In Europe and Ireland particularly, this distinction matters. Many organisations are less focused on immediate cost reduction and more concerned with competitiveness, resilience and future skills mapping. The challenge is turning that intent into practical decisions.

What you need to understand
Drawing on our experience supporting organisations through recent transformations, three key things emerge.
- Pace is an organisational capability, not a project timeline. AI adoption is constrained far less by technology than by data quality, role clarity, and workforce readiness. These foundations cannot be bypassed without creating friction and rework later.
- Most AI impact is evolutionary, not revolutionary. Roles rarely disappear overnight. They change incrementally. Leaders need visibility at task and capability level to manage that change deliberately.
- People and technology decisions are converging. As organisations consider whether work should be done by a person - an AI agent or a combination of both - traditional boundaries between HR and IT begin to blur. Decisions about roles, skills and systems increasingly sit together.
At its core, this is about organisational design and change, not just innovation.
What you can do now
The actions you need to take are practical, not theoretical. They are about realism, sequencing and clarity.
- Match ambition to organisational maturity. Many organisations aspire to advance AI solutions before foundational elements are in place (such as good data) and dependencies are understood. You need to be honest about the readiness of your business and recognise your critical role in setting realistic expectations.
- Understand your organisation’s natural speed limit. Effective AI adoption hinges on changing behaviours and mindsets across the workforce. Actively engage your people to understand sentiment and preconceptions around AI, including trust issues. From this, determine how far the organisation needs to go and the pace of change it can realistically absorb. Where competitors are moving faster, be deliberate about the change accelerators you can introduce.

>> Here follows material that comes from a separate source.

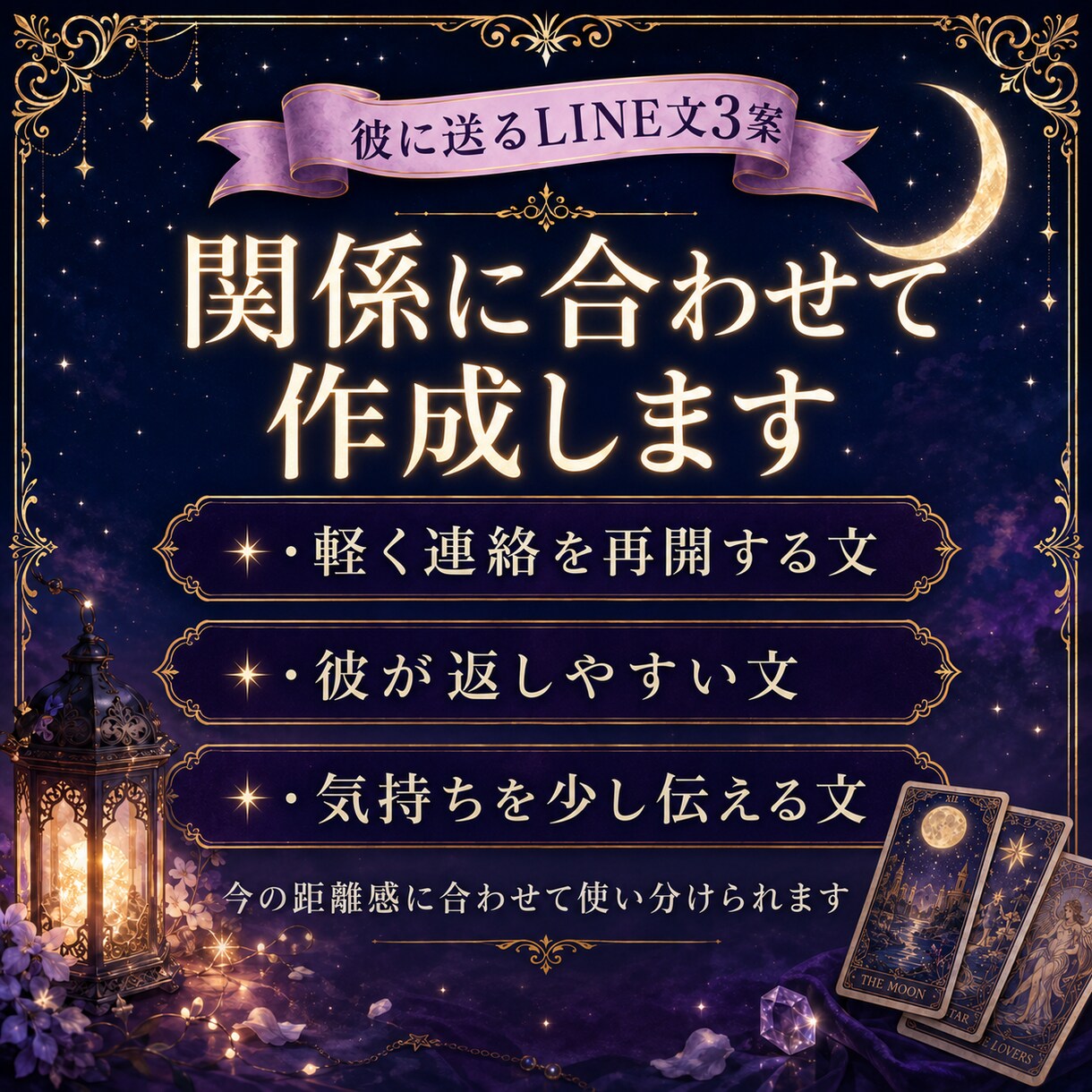 彼の本音と今後30日の流れを深掘り鑑定します タロット×数秘術｜質問3つ・LINE3案・7日間プラン イメージ6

- Anchor AI decisions in strategic workforce planning. Develop a clear view of current roles, skills, and task-level activities to understand where the impact of AI will be most felt, and how roles will evolve. Look ahead with strategic workforce planning to map future capability needs over the next three to five years, combining human and AI capabilities to allow you keep plans adaptable.
Anticipate how your workforce will inevitably evolve through natural attrition and mobility, and aim to identify gaps early. Above all, treat talent as a strategic asset— investing in continuous learning to build an adaptable culture that values growth alongside expertise.

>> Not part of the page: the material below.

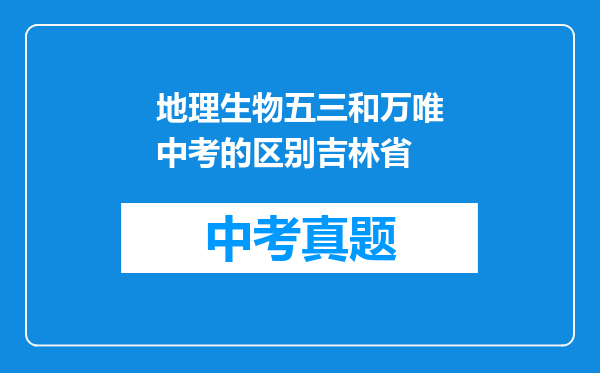 地理生物五三和万唯中考的区别吉林省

These actions do not require perfect foresight. They require disciplined choices.
What good looks like in practice
Organisations getting this right tend to approach AI through the lens of strategic workforce planning and change. They use data and industry insight to understand how roles are shifting with AI. They invest in skills and capability where it matters most. And they engage and communicate clearly with people about how work will evolve and the central role that humans will need to play.
They also resist the temptation to over‑hype AI. Practical examples, credible timelines and realistic expectations build trust and momentum, allowing pace to become something that is actively managed, not reactively absorbed.
What to watch next
It’s likely that pressure on organisational pace will continue to intensify. Tools will improve, as expectations rise. Prepare to be asked, not just what AI you are using, but how your workforce is changing as a result.
Those who invest now in understanding roles, skills and capability and future workforce needs will have far more freedom to move quickly later. Those who do not may find that speed becomes their biggest constraint.